论文部分内容阅读
悬链线法是一种具有独特优点的定向钻井方法。本文在文献〔1〕的基础上,试图通过有关理论分析,对悬链线法钻定向井的一些问题提供参考。考虑到悬链线法钻定向井需要连续造斜,且井越深其井斜角愈大;同时还注意到岩石与钻头、钻头与钻柱的互相作用,本文提出了将钻头与岩石间的相互作用抽象为弹性抗转支承,即不约束转角的弹性嵌固端的设想(图4)。此外,在分析时假定井眼轨迹为一平面曲线,建立悬链线法钻定向井下部钻柱的三维挠曲变形的计算模型;提出了保证钻头沿预定井眼轴线(悬链线)的钻进条件:V′(o)=0,U′(o)=-tgθ。通过Laplace变换获得了该问题的解析解。文末以算例说明有关计算过程,并对所给结果进行了分析讨论。

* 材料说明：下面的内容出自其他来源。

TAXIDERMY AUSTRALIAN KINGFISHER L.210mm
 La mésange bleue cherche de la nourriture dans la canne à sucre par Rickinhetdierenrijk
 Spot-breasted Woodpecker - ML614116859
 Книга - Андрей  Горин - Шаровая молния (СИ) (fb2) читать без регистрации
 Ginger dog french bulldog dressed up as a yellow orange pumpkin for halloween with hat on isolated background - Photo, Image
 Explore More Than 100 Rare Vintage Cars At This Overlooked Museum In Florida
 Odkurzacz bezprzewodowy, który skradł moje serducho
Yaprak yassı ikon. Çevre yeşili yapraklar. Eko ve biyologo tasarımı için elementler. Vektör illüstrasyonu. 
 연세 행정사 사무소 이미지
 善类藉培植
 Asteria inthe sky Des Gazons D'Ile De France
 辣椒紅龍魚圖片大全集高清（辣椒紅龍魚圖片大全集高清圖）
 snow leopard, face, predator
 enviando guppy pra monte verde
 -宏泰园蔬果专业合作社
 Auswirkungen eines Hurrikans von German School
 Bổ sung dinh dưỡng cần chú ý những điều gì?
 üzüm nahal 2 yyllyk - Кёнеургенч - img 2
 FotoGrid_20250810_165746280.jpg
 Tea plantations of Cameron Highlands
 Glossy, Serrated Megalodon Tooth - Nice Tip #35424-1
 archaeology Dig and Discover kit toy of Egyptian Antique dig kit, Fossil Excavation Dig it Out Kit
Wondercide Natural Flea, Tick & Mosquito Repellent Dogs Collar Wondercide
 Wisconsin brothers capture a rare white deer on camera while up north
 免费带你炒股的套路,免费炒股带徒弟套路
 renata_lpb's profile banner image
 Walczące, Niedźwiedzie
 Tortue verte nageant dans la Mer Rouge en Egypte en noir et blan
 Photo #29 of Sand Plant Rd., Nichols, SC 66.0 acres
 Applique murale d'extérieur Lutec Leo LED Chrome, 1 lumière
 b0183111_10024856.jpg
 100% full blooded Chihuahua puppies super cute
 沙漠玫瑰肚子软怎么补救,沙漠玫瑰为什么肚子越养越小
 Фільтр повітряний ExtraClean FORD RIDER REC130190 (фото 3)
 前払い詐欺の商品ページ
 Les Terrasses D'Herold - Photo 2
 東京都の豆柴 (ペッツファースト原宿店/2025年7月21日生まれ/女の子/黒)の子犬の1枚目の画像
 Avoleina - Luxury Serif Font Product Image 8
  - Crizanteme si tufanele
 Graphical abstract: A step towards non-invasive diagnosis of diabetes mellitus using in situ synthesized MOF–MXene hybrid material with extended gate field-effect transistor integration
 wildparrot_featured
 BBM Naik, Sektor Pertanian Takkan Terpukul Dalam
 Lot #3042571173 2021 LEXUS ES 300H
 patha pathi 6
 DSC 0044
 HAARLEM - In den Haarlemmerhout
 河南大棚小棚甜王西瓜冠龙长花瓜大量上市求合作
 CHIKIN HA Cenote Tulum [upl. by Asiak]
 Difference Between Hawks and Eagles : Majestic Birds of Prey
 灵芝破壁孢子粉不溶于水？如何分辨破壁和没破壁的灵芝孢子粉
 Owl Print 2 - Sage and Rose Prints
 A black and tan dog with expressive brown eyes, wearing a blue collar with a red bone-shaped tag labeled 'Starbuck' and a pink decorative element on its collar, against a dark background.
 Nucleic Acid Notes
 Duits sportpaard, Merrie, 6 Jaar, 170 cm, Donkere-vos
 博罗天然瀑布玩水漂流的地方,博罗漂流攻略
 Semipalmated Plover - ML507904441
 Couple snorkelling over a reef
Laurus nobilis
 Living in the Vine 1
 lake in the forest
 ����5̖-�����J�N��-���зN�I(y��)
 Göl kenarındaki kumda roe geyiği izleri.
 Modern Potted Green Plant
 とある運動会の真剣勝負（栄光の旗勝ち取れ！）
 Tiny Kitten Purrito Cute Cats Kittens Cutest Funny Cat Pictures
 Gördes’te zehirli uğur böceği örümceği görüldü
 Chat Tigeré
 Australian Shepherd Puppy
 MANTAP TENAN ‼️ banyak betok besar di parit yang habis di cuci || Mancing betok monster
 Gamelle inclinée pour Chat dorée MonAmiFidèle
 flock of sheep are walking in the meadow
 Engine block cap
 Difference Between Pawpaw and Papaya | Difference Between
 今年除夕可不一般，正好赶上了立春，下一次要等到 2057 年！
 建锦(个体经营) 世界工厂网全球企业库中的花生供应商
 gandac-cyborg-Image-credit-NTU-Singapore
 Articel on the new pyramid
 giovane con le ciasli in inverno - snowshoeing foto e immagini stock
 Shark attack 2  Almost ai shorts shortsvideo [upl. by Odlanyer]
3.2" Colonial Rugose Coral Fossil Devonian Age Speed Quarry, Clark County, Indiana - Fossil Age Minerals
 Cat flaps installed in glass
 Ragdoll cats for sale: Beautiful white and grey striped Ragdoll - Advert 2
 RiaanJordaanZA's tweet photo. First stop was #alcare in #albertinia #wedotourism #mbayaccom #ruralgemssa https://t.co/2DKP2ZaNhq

Catenary method is a unique advantage of directional drilling method. Based on the literature [1], this paper attempts to provide some references for some problems of catenary drilling of directional wells by theoretical analysis. Considering that the catenary method for drilling directional wells needs continuous slanting, and the deeper the well is, the greater the inclination of the well is. Meanwhile, the interaction between the rock and the drill bit and the drill string is also noticed. In this paper, The interaction is abstracted as an elastic anti-rotation bearing, that is, an elastic locking end that does not constrain the corner (Figure 4). In addition, the well trajectory is assumed to be a plane curve in the analysis, and the calculation model of the three-dimensional deflection of the drillstring in the downhole part of the catenary is set up. A drill is proposed to ensure that the drill bit is along the axis of the wellbore (catenary) Condition: V ’(o) = 0, U’ (o) = - tgθ. An analytical solution of the problem is obtained by Laplace transform. At the end of this paper, an example is given to illustrate the calculation process, and the results given are analyzed and discussed.